EXERCISE DIRECTIONS: What you return must match the listing below exactly, minus any pictures.

GIVEN MATERIAL:

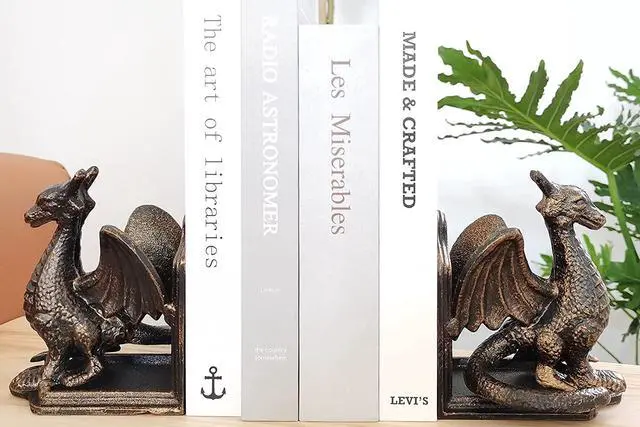 Alt view image 2 of 6 - Book Ends - Decorative Book Stopper - Shelves Bookend Support Holder, Unique Dragon Design, Heavy Duty Set 2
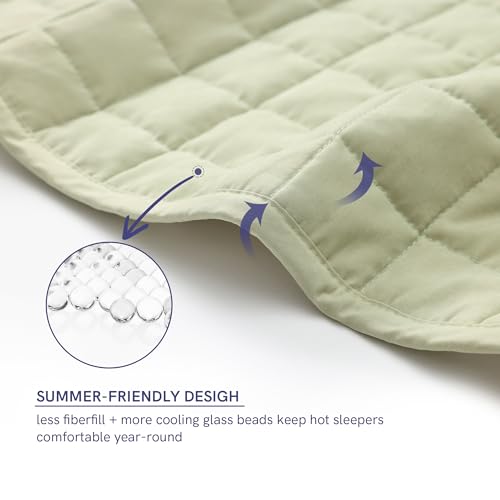 Image of YnM Exclusive Weighted Blanket, Soothing Cotton /Polyester, Smallest Compartments, Bed Blanket for One Person of 190lbs, Ideal for Queen /King Bed (60x80 Inches, 20 Pounds, Avocado /White Reversible)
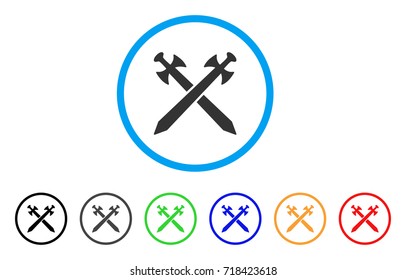 Medieval Swords rounded icon. Style is a flat medieval swords gray symbol inside light blue circle with black, gray, green, blue, red, orange versions. Vector designed for web and software interfaces.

OUTPUT:
 Alt view image 2 of 6 - Book Ends - Decorative Book Stopper - Shelves Bookend Support Holder, Unique Dragon Design, Heavy Duty Set 2
 Image of YnM Exclusive Weighted Blanket, Soothing Cotton /Polyester, Smallest Compartments, Bed Blanket for One Person of 190lbs, Ideal for Queen /King Bed (60x80 Inches, 20 Pounds, Avocado /White Reversible)
 Medieval Swords rounded icon. Style is a flat medieval swords gray symbol inside light blue circle with black, gray, green, blue, red, orange versions. Vector designed for web and software interfaces.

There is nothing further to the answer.